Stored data
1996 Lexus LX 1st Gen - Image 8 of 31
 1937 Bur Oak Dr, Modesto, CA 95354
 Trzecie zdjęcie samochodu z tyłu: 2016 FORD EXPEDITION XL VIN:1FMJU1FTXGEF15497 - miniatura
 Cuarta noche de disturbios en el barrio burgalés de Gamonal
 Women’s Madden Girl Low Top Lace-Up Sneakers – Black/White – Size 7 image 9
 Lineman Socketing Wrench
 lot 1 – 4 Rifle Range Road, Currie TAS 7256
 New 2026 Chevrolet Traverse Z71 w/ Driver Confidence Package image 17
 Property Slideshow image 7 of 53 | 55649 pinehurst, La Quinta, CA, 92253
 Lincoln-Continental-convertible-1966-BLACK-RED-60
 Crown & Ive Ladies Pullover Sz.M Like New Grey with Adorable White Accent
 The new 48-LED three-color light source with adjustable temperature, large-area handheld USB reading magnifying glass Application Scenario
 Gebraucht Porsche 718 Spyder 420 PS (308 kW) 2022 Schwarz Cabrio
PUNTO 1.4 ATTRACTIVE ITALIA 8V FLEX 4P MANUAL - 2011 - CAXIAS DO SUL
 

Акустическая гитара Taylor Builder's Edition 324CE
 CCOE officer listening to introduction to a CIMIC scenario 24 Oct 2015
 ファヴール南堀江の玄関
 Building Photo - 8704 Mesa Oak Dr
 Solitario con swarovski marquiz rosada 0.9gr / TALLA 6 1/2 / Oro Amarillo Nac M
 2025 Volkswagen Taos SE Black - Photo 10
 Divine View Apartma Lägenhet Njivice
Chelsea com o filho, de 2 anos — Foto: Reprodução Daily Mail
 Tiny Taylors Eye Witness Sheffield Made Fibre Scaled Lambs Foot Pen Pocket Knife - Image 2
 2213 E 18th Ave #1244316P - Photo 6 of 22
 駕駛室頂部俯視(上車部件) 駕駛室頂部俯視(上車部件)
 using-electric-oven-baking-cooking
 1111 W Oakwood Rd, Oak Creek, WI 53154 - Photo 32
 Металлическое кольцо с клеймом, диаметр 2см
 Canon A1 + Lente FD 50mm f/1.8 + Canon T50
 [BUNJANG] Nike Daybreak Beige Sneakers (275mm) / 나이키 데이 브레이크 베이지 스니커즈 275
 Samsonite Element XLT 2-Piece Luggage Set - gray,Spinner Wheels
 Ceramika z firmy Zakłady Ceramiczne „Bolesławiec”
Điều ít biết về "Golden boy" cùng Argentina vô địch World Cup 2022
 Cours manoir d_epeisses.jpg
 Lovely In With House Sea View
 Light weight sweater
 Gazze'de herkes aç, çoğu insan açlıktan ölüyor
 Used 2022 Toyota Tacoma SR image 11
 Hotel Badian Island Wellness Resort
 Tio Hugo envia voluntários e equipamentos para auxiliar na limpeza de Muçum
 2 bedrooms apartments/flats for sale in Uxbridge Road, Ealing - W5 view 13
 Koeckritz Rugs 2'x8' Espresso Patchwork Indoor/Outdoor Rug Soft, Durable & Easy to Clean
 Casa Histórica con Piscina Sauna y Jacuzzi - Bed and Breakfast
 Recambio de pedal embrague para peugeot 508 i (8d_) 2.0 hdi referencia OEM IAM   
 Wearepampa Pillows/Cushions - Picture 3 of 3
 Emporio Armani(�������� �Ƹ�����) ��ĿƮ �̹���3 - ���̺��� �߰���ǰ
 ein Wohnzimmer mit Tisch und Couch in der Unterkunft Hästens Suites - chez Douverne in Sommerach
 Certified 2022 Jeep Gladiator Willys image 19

_Assigned task_: Look above for the line holding "CCOE officer listening". Print it and every line after it, exactly, through the line holding "駕駛室頂部俯視(上車部件) 駕駛室頂部俯視(上車部件)".

_Completed task_:
 CCOE officer listening to introduction to a CIMIC scenario 24 Oct 2015
 ファヴール南堀江の玄関
 Building Photo - 8704 Mesa Oak Dr
 Solitario con swarovski marquiz rosada 0.9gr / TALLA 6 1/2 / Oro Amarillo Nac M
 2025 Volkswagen Taos SE Black - Photo 10
 Divine View Apartma Lägenhet Njivice
Chelsea com o filho, de 2 anos — Foto: Reprodução Daily Mail
 Tiny Taylors Eye Witness Sheffield Made Fibre Scaled Lambs Foot Pen Pocket Knife - Image 2
 2213 E 18th Ave #1244316P - Photo 6 of 22
 駕駛室頂部俯視(上車部件) 駕駛室頂部俯視(上車部件)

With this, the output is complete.